# Information

────────────────────────────────────────

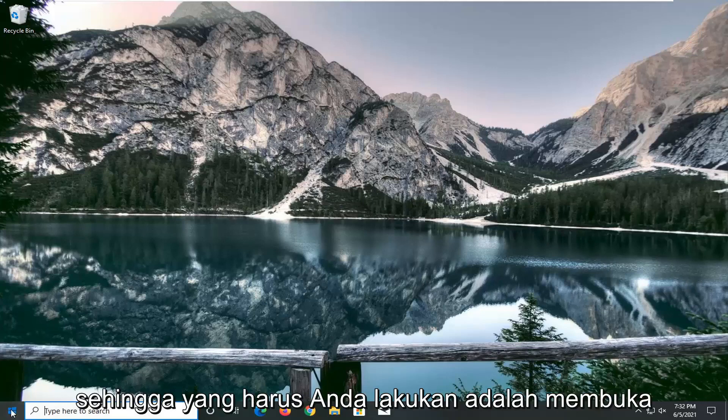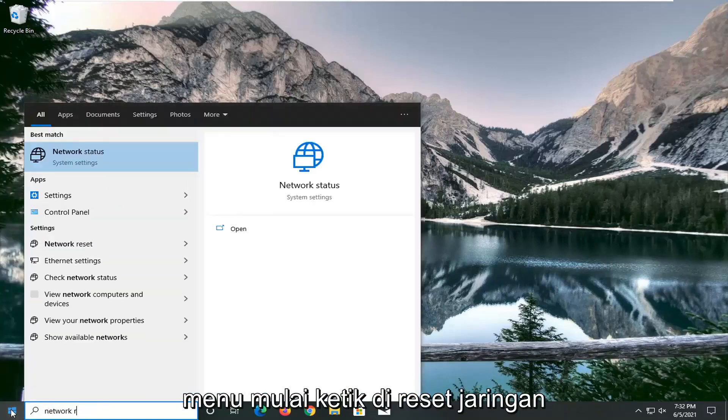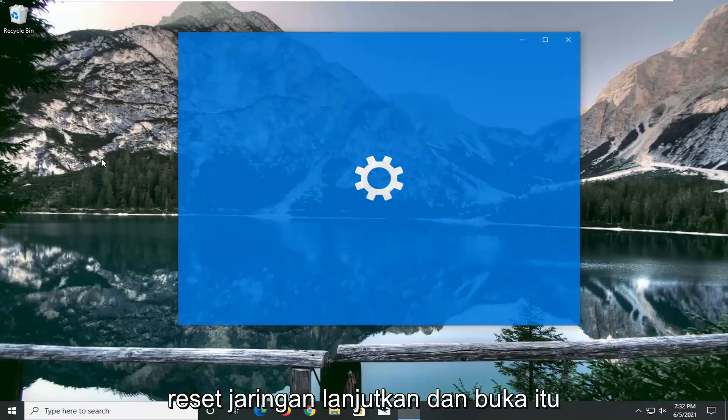So all you have to do is open up the start menu, type in network reset, best result should come back with network reset. Go ahead and open that up.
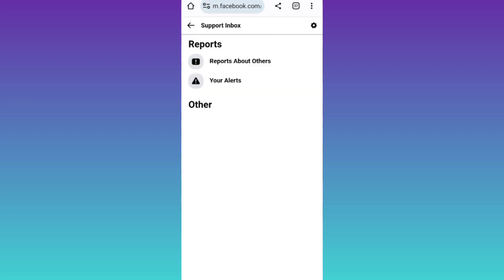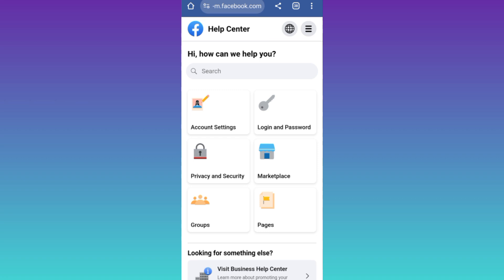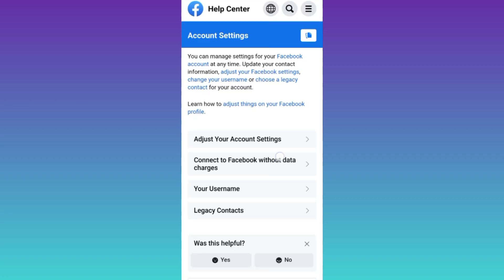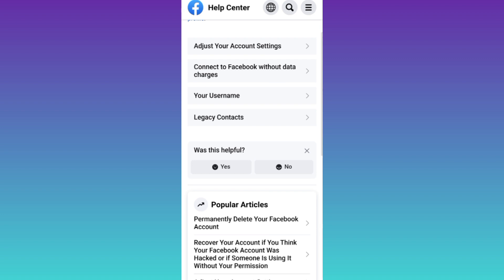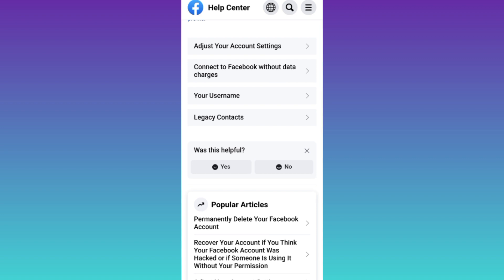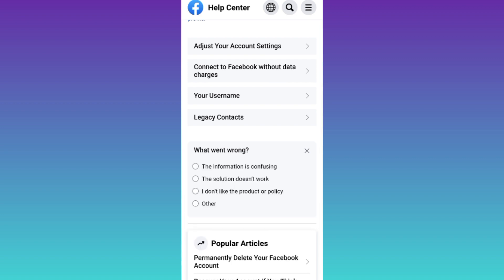Now click on this back icon and then tap on account settings. Now scroll down and below this 'was this helpful' tab, select no and then click on other.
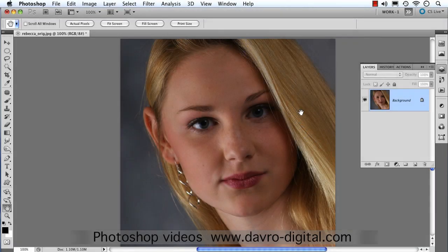In this video we're going to take a look at how we can improve this portrait. Love the angle, love the pose of the model, like the lighting the way it's coming through from this direction here — but it's a little bit on the dark side.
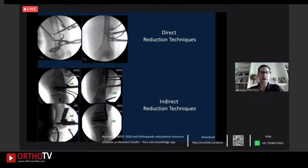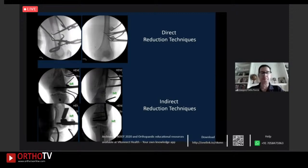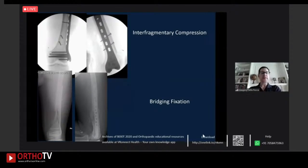You can see absolute stability with a neutralization plate and lag screws for the simple fracture, and a bridge plating construct for the comminuted one.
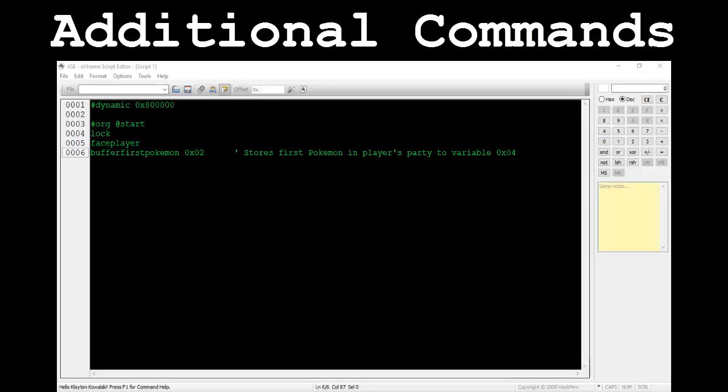By static, I mean information that's written in stone from the moment the game is launched. For example, the first Pokémon in the player's party is not static — it's always changing and is only temporary. In order to figure out what Pokémon this is, you'll have to store it in a buffer and reference it in dialogue at a later point.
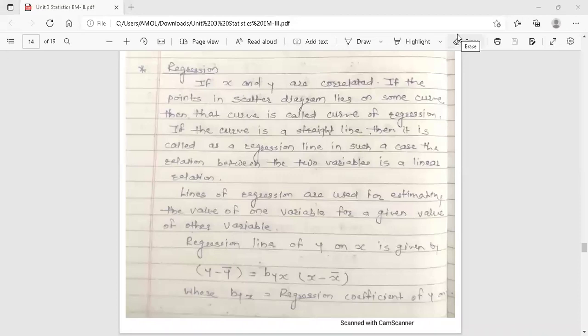Hello dear students, this is your engineering mathematics three lecture. Today's topic is regression. This topic is from third unit, statistics. In the previous lecture, we discussed correlation and correlation coefficient.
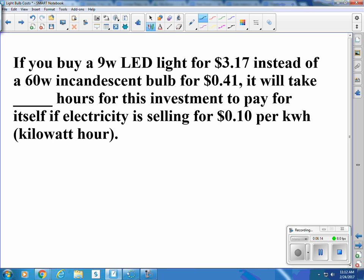You can see that the main cost is the electricity of an incandescent bulb. So if I buy a 9-watt LED light for $3.17 instead of a 60-watt incandescent bulb for 41 cents, how many hours will it take for this investment to pay for itself if electricity is selling for 10 cents per kilowatt hour?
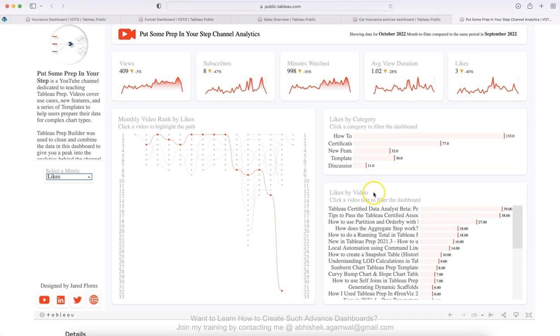So these are the five dashboards I wanted to show you in this video that you can take inspiration from, and create your next dashboard. Let me know how did you like it? If you are interested in knowing or getting to know more videos like this, then I'll be more than happy to create it based on your feedback. Let me know your thoughts in the comments and I will create the content for you as per your need. With that, thank you so much for watching.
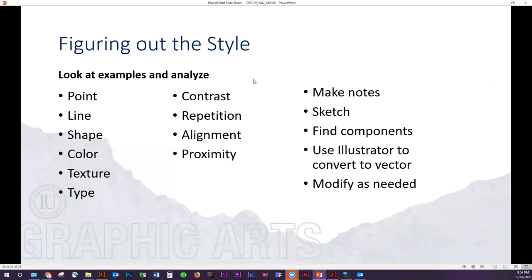If you need to — and I would absolutely encourage this — take notes. Just jot down a few bullets on the style. Sketch a few things out, either by hand or within the program. Find these individual components — play a little hide and seek like we did in the first week when we were looking for design principles in that light bulb poster. Use Illustrator to convert anything you need to vector, especially images that are low res or pixelated. That's going to make your image nice and crisp and the best quality it can be. And then modify things as you need to.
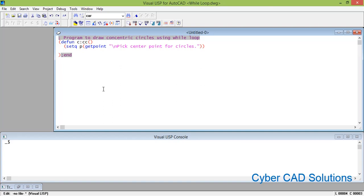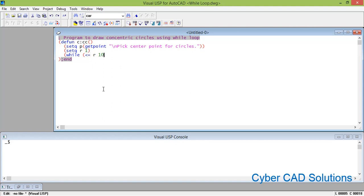Now we have p as the center point. We initiate variable r with radius one — that is the initial radius: set r = 1. As long as r is less than or equal to 10, it will keep drawing circles. The while loop condition is: while (r <= 10). We use less than or equal to because we also want the circle with radius 10 to be drawn.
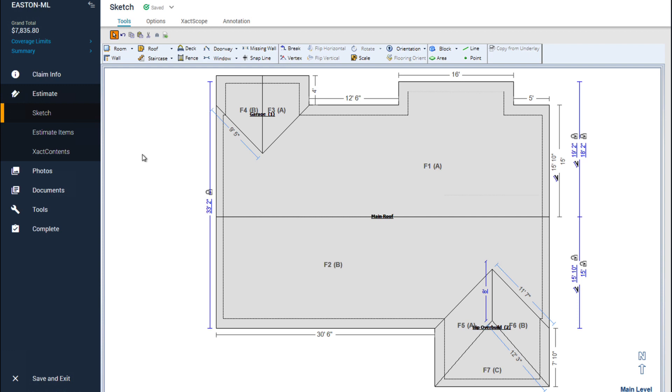I have the Easton roof sketch opened in my workspace. I will add stucco as an estimate item to my estimate and view the item details.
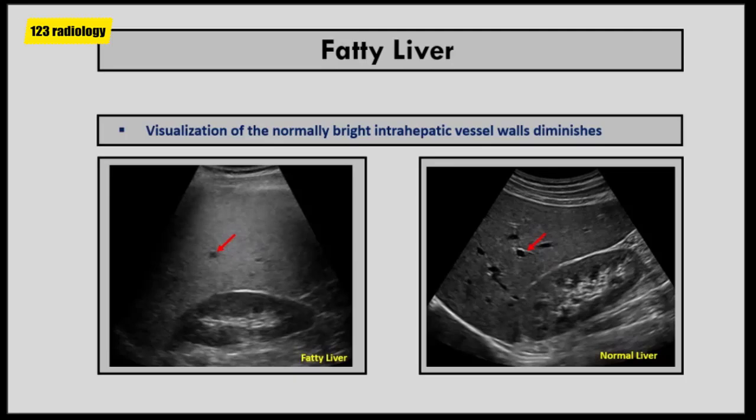Visualization of the normal bright intrahepatic vessel walls diminishes in fatty liver, because the surrounding liver tissue becomes more hyperechoic. In the normal liver, we can see the echogenic vessel walls. In fatty liver, the echogenic vessel walls are not visualized due to increased echogenicity of the surrounding liver parenchyma.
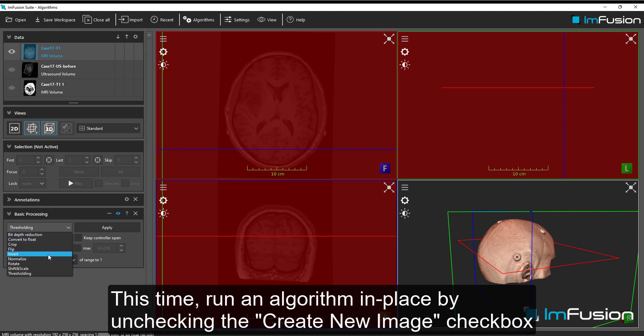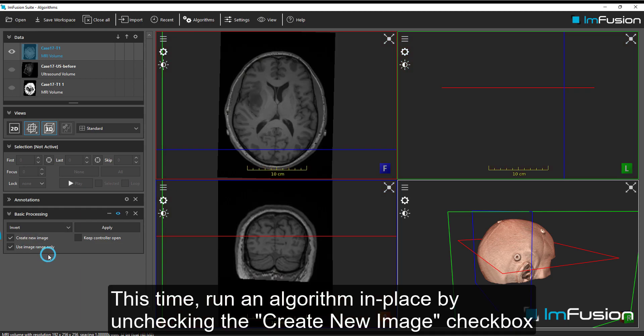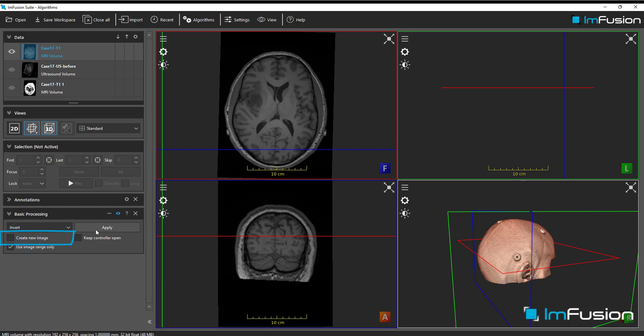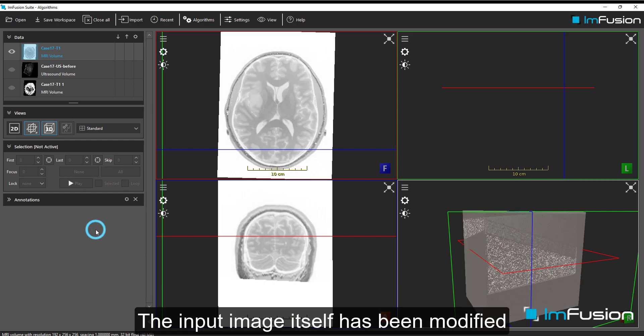This time, run an algorithm in place by unchecking the Create New Image checkbox. The input image itself has been modified.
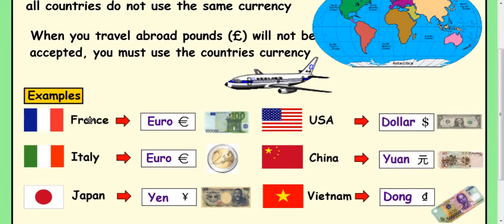Some quick examples: if you go to France, France is part of the European Union, so you would use the Euro. Italy is the same. If you went to Japan, you would use the Yen. In the USA, you'd use the Dollar. In China, you'd use the Yuan. And in Vietnam, you'd use the Dong. There are tons of other countries and currencies, obviously.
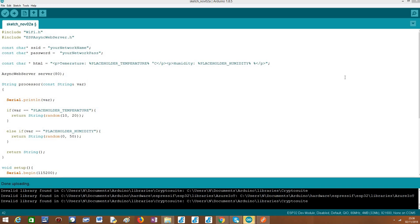Hello, in this tutorial we are going to check a more advanced use case on how to use the template processing features of the async HTTP web server libraries for the ESP32. Additionally we are going to use the Arduino core as we did before.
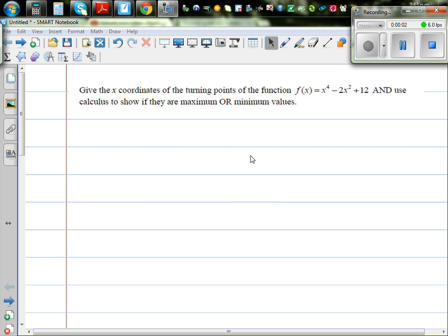Find the x-coordinates of the turning points of the function f(x) = x⁴ - 2x² + 12, and use calculus to show whether they are maximum or minimum.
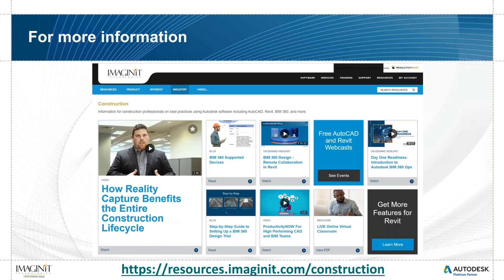For more information on any of the construction products from Autodesk and BIM 360, you can visit our website at resources.imagineit.com/construction to look up that information.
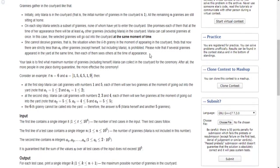She cannot deceive grannies, so anything strictly less than A[i] other grannies is prohibited. Note that if several grannies appear in the yard at the same time, each of them sees each other at the time of appearance.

────────────────────────────────────────

# Aim of the task
Every line from the start of the listing above through the line with "Hello dear students, this" should be repeated exactly; skip the pictures and add nothing else.

# Solution
So all you have to do is open up the start menu, type in network reset, best result should come back with network reset. Go ahead and open that up.
Now click on this back icon and then tap on account settings. Now scroll down and below this 'was this helpful' tab, select no and then click on other.
In this video we're going to take a look at how we can improve this portrait. Love the angle, love the pose of the model, like the lighting the way it's coming through from this direction here — but it's a little bit on the dark side.
You can see absolute stability with a neutralization plate and lag screws for the simple fracture, and a bridge plating construct for the comminuted one.
By static, I mean information that's written in stone from the moment the game is launched. For example, the first Pokémon in the player's party is not static — it's always changing and is only temporary. In order to figure out what Pokémon this is, you'll have to store it in a buffer and reference it in dialogue at a later point.
Hello dear students, this is your engineering mathematics three lecture. Today's topic is regression. This topic is from third unit, statistics. In the previous lecture, we discussed correlation and correlation coefficient.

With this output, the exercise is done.